Magazine article Behavioral Healthcare Executive

Room to Roam, Room to Recover

Magazine article Behavioral Healthcare Executive

Room to Roam, Room to Recover

Article excerpt

In 1990, Vinland National Center (Loretto, Minn.) created a residential chemical health program for persons with traumatic brain injury and other cognitive impairments. At the time, Vinland was the first facility in the country to operate a program such as this. Since then, the program has grown and exceeded its maximum capacity, so much so that the organization decided to expand the facility to almost double the space.

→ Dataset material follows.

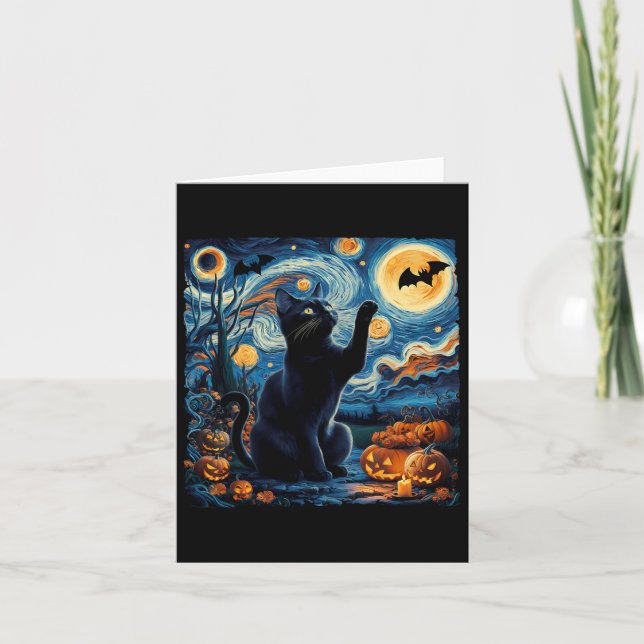 Halloween Van Gogh' Starry Natt Black Cat Pumpkin Kort (Framsida)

Construction began in June 2012 for the expansion, which would take Vinland's 41-bed residential facility in the western suburbs of Minneapolis from a square footage of 18,000 to 37,000. One goal of the program was to separate the male and female clients. In the previous space, there were 10 female beds and 31 male beds.

The expansion was designed so the residential beds could be more flexible, says Mary Roehl, executive director at Vinland. Twenty client beds in 10 rooms were added to the program, and Roehl says the upper level (12-beds) and the main level (8-beds) are all currently being used for women.

Besides the new bedrooms, the $4 million expansion also added a new reception/lobby area, a new dining room and kitchen facility, and some additional staff space.

Space for activities

The new space opened in March, and Roehl says it has greatly enhanced the complementary care services that the program offers. Because of the presenting issues of the clients whom the program treats, much of the program is individualized. One of the main complementary care therapies that the program utilizes is a fitness program. The recent expansion doubled the therapeutic exercise facilities and allows clients to look out windows to a therapeutic wildlife landscape, rather than exercising in the basement as they previously were.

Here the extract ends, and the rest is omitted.